Nadine Bilong (BBA 2017) has a dual Business & Art profile with a major in Media and Cultural & Creative Industry Management. After an internship at the Bolloré Group in Africa and some time at Bocconi University in Milan, she came up with the idea of developing a type of long-term, tailored coaching service for creative industry professionals, in particular those who have left their home countries in Africa. Nadine will soon be facilitating a conference on art and luxury at emlyon business school. Let’s hear what she has to say.

Sports, the arts, travel… you are passionate about many different spheres.

Yes, it has always been hard for me to develop and grow in one single area at a time. When I was in high school, in Lyon, I was already doing competitive sports and at the same time taking theater as an elective.

Why did you enroll in emlyon business school’s BBA program?

First of all because I love my city and how dynamic it is. Next, I was really interested in the school’s multipurpose approach, as well as its international dimension. In addition, the entrepreneurial aspect was a plus, as I knew that one day I would start my own company. Finally, emlyon is a very appealing brand, with a very strong alumni network. I remember that I found my internship in Sydney through the network. The Clarins Group had already hired an alumnus and that clearly made it easier to recruit me. There are a lot of emlyon graduates living in Sydney.

Today, you curate art exhibitions and coach artists on cultural projects, among other things. What is the link between management school and the arts?

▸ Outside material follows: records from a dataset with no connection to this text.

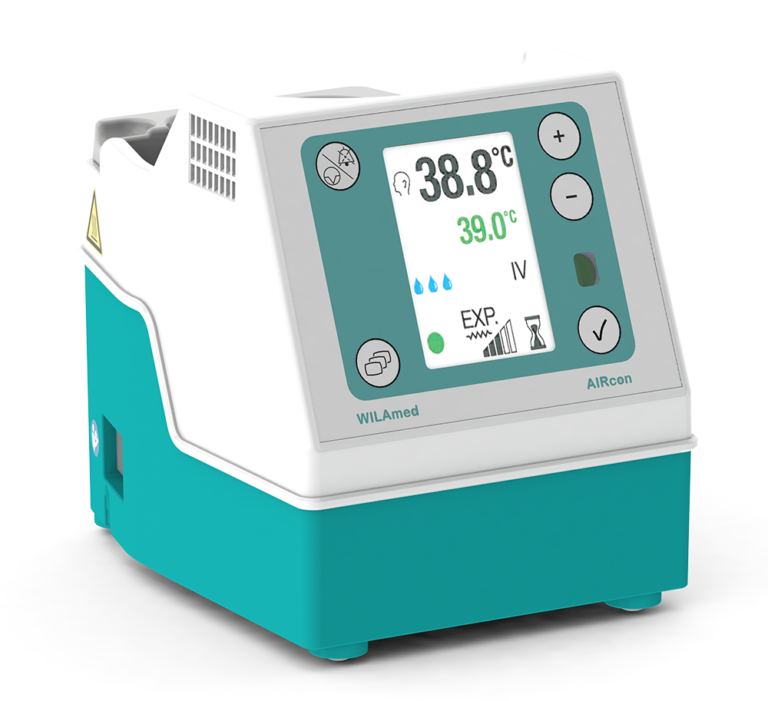 Respiratory humidification WILAmed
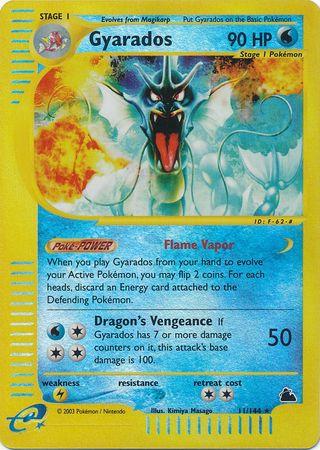 Gyarados [Reverse Holo]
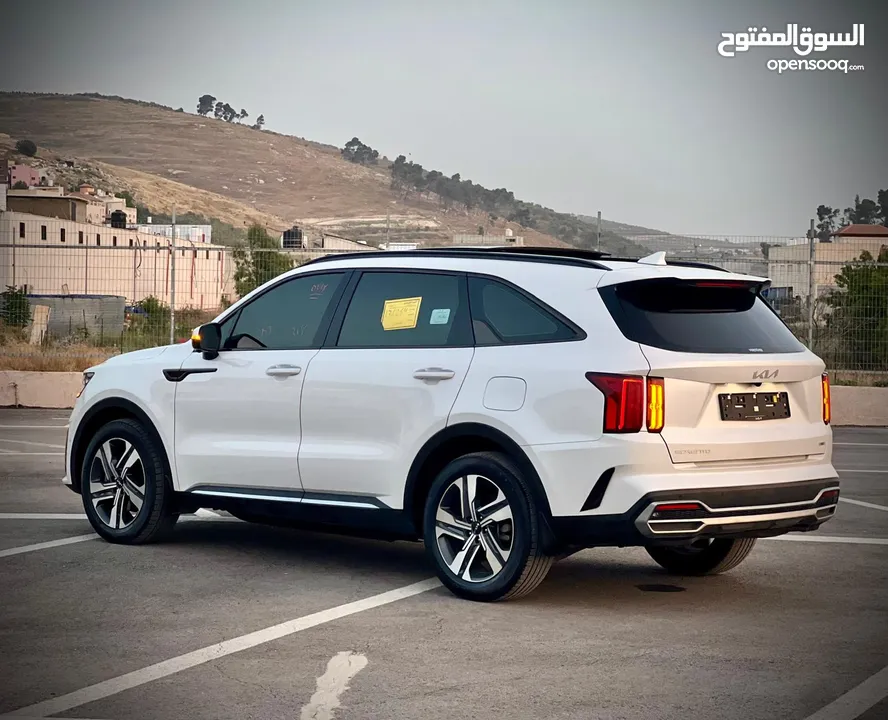 كايا سورينتو/2022 فل الفل  فتحة سقف بانوراما  4x4 ///240Hp بنزين + كهرباء  ( Haybrid) 1600cc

You’re right, at first glance the link might not be that clear, especially seeing as business schools don’t generally place a strong focus on the arts. Yet, culture is a subject that is taken very seriously – particularly in France – but where there is a lack of investors to spur growth. More and more institutions are trying to bring on board people who can create value from their brands and attract capital. Artists may not like this term, but in order to keep projects alive, it is vital to promote cultural products.

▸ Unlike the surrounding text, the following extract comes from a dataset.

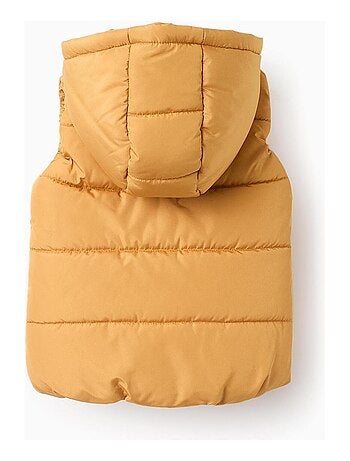 Vest sans manches matelassé, à capuche MOTORCITY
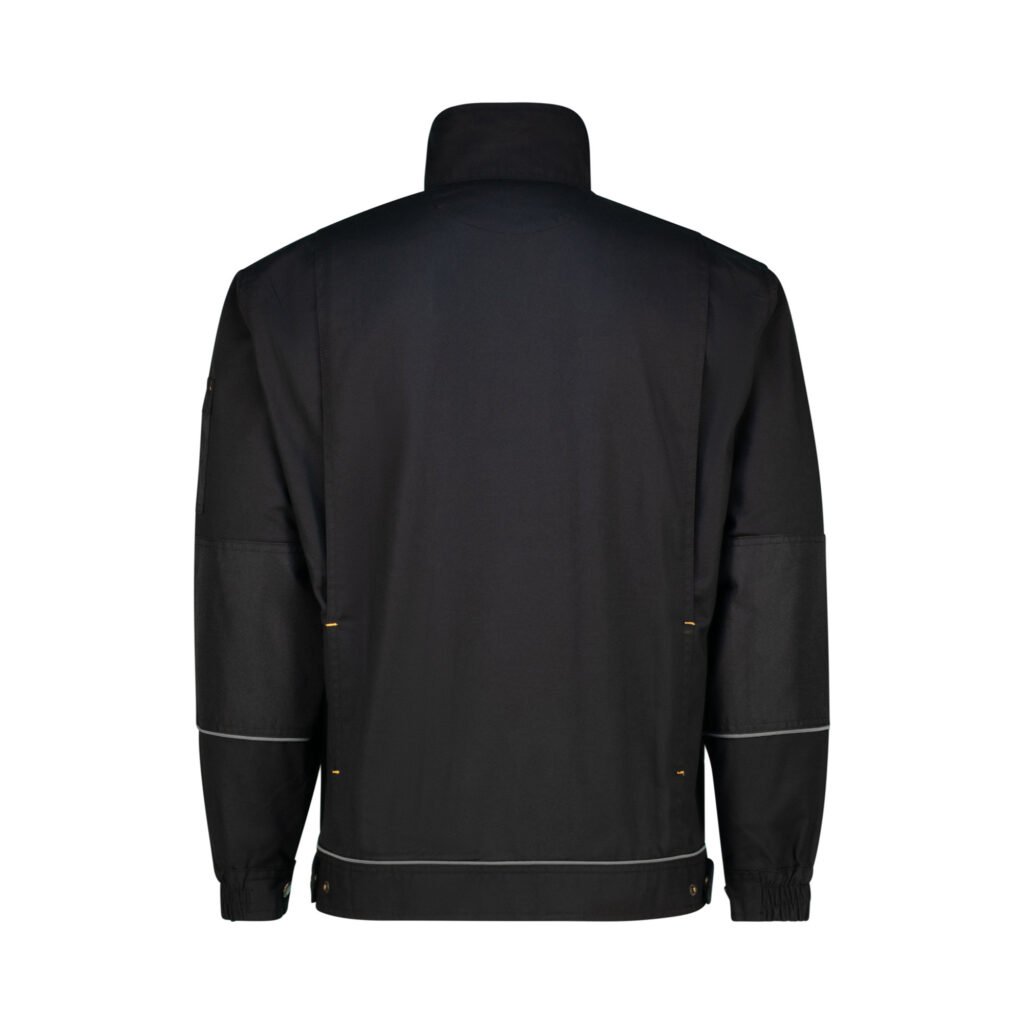 REBEL Tech Gear Jacket Raven Black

Finally, I apply everything I learned at business school to the arts sphere. In the cultural field, you have to be highly operational, and I learned how to do this at emlyon. 

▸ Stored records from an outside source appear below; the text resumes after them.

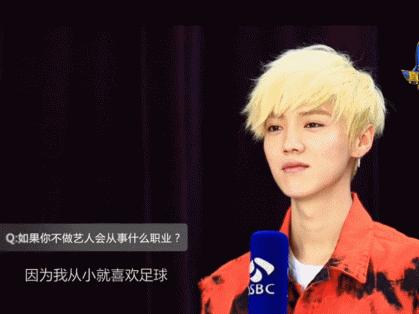 鹿晗最爱的女人是谁,鹿晗最爱的冰美式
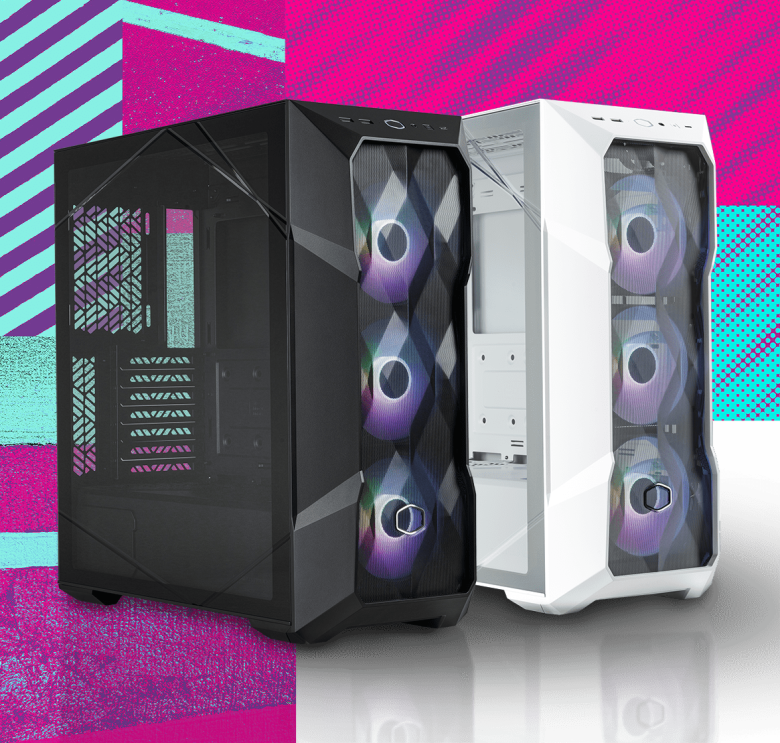 Cooler Master MasterBox TD500 Mesh V2 White | PC-Gehäuse_2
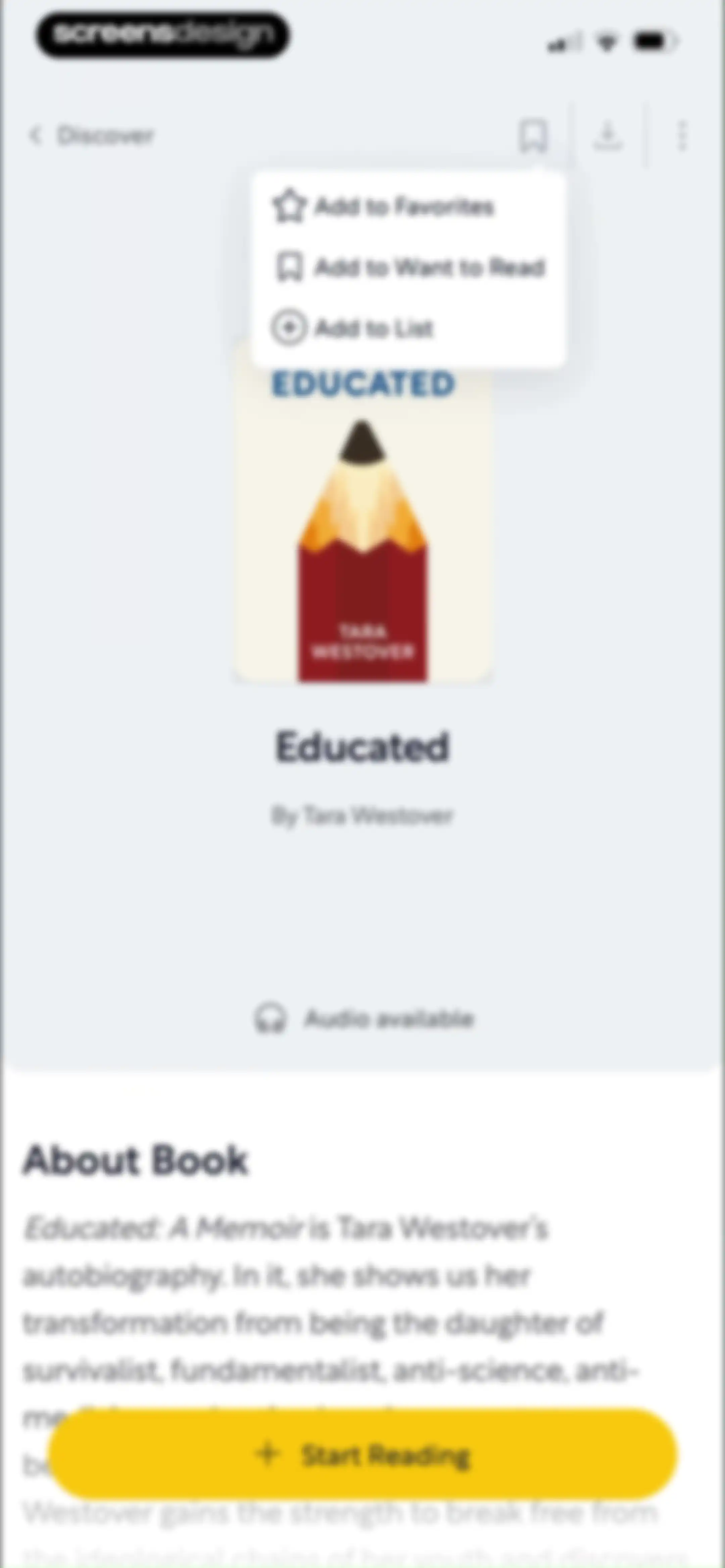 Shortform Daily Book Summaries screen 86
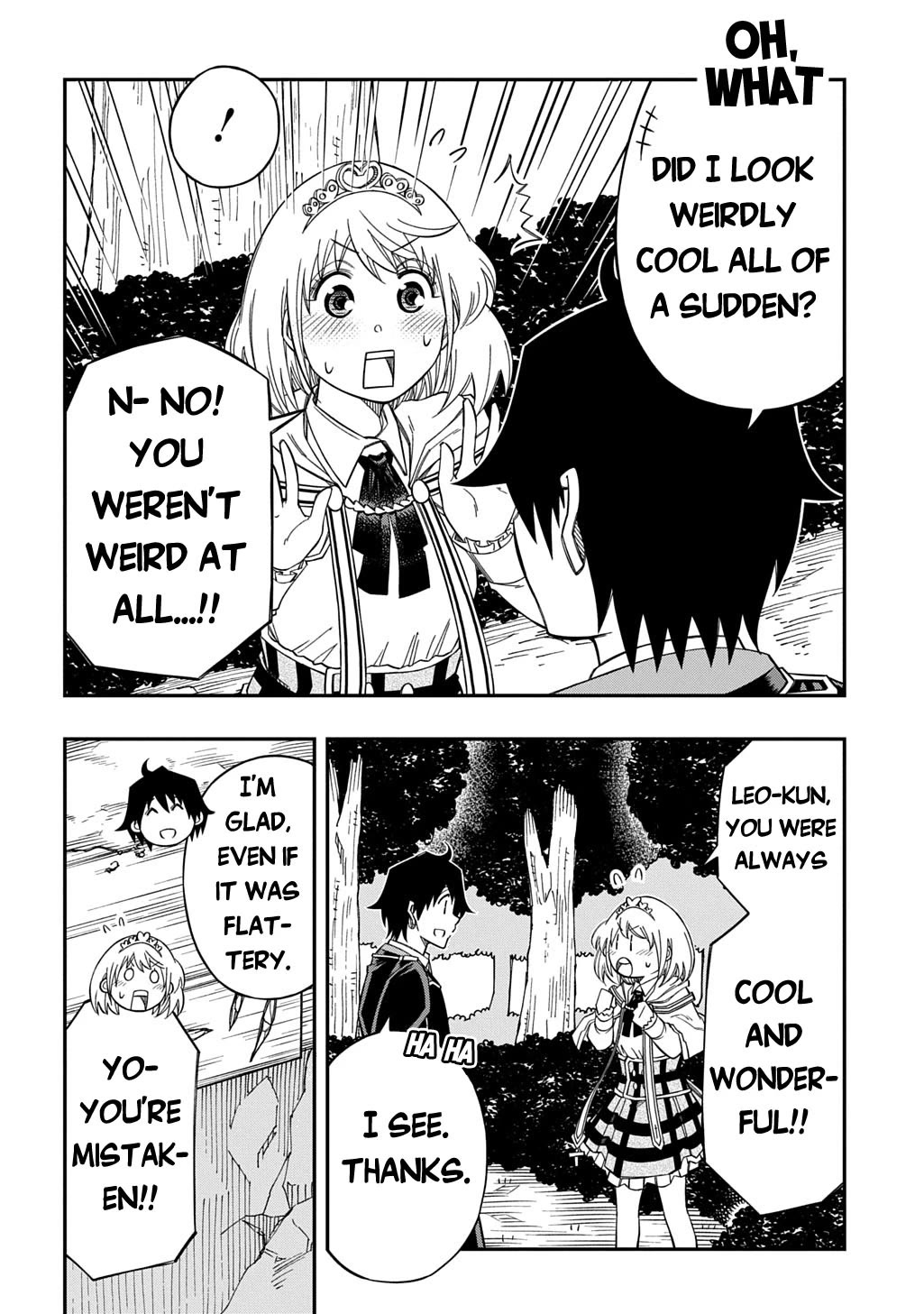 Exiled in a Class Trial for Poor Dexterity chapter 32 page 13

You will soon be facilitating a conference at emlyon on art in the luxury sector. Can you tell us a little more about it?

I am a member of the Culture & Management Club and Anne Deslage (network coordinator), whom I was in contact with, wanted to focus a bit more on this topic at the school. The idea of luxury came to me later on. I feel it is important to bring out the essence of luxury, which means highly specific expertise and the craft trades, as well the concepts of design and creativity. It is a culture that is passed down from one generation to the next.

How would you describe yourself in a few words? 

In two words: versatile and eclectic. Versatile because my philosophy is to adapt to whatever environment I am in, when I am welcome in it, and eclectic because I am open to discovering new things and I don’t like to put people in boxes.

Where do you see yourself in a few years?

After the Global BBA program, I went on to study multimedia at ESCP. My aim is to start working in the field of new media. I have a project for a new digital platform that focuses on everything from the arts to sports, and targets readers in emerging countries. I hope to get started fairly soon, around 2020.